**Task input:**

Segment Open

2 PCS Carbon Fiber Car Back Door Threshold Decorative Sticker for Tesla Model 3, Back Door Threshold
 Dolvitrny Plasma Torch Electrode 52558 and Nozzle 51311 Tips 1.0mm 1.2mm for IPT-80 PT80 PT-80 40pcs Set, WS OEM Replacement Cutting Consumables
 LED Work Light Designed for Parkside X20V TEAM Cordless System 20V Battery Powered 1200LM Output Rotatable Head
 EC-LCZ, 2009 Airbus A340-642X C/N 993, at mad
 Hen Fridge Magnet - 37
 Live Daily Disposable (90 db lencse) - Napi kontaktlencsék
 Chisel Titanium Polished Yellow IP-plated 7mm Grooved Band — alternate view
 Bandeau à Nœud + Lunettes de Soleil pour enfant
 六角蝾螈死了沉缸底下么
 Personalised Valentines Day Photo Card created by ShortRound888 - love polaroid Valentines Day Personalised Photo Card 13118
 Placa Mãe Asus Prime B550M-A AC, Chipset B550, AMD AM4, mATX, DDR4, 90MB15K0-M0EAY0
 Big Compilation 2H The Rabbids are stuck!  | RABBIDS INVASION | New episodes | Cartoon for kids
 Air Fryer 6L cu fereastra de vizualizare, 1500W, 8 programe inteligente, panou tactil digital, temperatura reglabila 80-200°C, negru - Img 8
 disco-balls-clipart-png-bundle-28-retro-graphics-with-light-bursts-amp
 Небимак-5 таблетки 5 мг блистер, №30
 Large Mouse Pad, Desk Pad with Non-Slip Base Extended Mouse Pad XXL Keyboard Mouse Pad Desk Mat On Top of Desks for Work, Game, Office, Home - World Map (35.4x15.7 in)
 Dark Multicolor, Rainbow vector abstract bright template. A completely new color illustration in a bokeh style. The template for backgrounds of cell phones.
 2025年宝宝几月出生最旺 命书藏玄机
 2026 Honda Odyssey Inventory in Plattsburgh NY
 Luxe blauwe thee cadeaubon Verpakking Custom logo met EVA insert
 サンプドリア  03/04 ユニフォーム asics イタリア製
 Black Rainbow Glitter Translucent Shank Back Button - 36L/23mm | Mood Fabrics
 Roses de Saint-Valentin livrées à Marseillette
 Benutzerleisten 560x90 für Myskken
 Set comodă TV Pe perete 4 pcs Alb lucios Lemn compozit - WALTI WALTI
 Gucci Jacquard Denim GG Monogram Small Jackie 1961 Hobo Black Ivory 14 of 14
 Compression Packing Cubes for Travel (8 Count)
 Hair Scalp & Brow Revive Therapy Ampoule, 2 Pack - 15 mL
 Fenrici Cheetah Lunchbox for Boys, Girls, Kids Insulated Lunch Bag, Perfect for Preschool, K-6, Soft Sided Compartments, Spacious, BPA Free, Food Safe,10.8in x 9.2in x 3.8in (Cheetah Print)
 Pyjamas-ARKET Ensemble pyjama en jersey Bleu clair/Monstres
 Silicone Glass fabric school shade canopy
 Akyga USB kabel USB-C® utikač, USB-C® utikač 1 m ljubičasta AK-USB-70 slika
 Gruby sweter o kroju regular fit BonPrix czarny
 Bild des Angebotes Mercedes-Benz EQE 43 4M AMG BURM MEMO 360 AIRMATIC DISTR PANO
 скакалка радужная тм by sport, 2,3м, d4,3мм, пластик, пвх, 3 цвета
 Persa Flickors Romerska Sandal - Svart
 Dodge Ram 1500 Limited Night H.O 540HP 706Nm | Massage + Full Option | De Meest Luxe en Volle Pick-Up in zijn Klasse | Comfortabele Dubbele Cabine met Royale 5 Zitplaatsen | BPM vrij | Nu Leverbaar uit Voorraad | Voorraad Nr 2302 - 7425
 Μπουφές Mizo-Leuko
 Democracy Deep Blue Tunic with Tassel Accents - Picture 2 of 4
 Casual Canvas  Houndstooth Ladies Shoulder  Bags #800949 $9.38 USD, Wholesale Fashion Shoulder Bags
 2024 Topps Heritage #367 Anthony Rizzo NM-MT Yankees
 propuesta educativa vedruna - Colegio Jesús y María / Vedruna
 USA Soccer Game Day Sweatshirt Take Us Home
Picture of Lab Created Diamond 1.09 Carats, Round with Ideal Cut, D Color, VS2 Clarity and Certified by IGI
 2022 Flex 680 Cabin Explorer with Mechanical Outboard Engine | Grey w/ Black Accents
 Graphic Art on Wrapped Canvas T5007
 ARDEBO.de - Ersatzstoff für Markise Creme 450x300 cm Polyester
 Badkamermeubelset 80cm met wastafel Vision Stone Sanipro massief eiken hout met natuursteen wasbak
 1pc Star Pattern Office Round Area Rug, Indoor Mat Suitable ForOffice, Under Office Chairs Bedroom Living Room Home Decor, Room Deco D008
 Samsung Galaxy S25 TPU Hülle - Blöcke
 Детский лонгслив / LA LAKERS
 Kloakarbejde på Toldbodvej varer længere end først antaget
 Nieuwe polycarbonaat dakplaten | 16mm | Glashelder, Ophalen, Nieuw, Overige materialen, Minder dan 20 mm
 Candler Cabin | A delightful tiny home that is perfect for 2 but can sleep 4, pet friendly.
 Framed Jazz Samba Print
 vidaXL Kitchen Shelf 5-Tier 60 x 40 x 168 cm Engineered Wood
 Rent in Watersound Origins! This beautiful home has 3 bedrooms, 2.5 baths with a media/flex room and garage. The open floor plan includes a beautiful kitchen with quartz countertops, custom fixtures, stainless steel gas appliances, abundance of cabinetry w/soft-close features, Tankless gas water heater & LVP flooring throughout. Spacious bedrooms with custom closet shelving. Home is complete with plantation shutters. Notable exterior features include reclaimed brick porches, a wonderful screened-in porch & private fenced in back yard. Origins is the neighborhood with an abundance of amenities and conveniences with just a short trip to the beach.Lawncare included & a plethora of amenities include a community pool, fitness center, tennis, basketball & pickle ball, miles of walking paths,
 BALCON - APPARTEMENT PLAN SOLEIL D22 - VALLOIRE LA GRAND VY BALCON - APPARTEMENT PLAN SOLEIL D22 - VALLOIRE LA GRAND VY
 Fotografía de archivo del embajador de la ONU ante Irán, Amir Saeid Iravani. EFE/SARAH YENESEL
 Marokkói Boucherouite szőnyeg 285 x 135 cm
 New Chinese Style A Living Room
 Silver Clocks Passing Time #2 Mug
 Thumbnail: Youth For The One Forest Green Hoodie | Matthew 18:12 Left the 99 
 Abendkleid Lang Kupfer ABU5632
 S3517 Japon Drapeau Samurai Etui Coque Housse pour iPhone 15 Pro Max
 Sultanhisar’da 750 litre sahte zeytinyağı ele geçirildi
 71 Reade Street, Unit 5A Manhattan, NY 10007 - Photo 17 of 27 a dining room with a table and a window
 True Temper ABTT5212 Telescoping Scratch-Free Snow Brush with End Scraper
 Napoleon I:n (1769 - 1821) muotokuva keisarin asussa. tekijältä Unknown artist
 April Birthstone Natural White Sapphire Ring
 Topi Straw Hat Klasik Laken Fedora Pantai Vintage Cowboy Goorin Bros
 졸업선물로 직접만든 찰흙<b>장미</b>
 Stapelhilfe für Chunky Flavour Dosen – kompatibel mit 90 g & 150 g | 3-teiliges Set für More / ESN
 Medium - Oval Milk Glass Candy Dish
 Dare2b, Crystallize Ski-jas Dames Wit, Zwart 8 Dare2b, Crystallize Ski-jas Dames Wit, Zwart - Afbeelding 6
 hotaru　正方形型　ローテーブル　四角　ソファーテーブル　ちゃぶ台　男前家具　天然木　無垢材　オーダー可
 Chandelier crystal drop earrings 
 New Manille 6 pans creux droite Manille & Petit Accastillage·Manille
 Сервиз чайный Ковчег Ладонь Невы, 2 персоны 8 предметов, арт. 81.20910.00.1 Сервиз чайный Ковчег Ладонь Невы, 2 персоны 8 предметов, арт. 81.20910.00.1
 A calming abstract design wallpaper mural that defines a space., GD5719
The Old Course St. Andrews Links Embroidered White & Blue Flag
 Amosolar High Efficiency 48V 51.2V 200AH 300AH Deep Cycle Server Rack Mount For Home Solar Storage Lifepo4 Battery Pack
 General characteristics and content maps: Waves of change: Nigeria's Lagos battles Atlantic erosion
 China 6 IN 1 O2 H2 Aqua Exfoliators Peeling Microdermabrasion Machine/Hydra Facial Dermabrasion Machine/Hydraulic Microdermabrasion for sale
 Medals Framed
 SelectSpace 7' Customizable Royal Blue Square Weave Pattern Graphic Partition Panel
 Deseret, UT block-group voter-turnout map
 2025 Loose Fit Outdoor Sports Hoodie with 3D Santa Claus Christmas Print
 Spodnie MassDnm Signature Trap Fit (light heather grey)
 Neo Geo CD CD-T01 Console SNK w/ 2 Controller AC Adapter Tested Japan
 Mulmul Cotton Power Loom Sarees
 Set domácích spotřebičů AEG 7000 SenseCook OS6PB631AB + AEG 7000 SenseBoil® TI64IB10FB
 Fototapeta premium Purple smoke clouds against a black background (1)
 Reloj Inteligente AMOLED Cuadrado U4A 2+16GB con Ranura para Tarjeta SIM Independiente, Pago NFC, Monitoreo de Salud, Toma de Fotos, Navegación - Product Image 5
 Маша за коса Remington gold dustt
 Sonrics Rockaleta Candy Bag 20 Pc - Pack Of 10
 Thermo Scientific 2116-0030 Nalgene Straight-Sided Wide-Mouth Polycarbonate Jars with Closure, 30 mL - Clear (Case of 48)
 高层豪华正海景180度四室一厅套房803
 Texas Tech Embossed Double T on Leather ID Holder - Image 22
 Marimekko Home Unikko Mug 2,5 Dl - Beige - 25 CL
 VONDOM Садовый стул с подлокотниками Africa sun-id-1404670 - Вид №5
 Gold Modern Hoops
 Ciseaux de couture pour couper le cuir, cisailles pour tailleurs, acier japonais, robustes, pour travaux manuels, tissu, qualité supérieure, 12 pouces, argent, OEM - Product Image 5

Segment Closed

**Task details:** All lines above from the one holding "SelectSpace 7' Customizable" to the one holding "Set domácích spotřebičů", inclusive, are to be copied exactly; no other line is wanted.

**Response:**
 SelectSpace 7' Customizable Royal Blue Square Weave Pattern Graphic Partition Panel
 Deseret, UT block-group voter-turnout map
 2025 Loose Fit Outdoor Sports Hoodie with 3D Santa Claus Christmas Print
 Spodnie MassDnm Signature Trap Fit (light heather grey)
 Neo Geo CD CD-T01 Console SNK w/ 2 Controller AC Adapter Tested Japan
 Mulmul Cotton Power Loom Sarees
 Set domácích spotřebičů AEG 7000 SenseCook OS6PB631AB + AEG 7000 SenseBoil® TI64IB10FB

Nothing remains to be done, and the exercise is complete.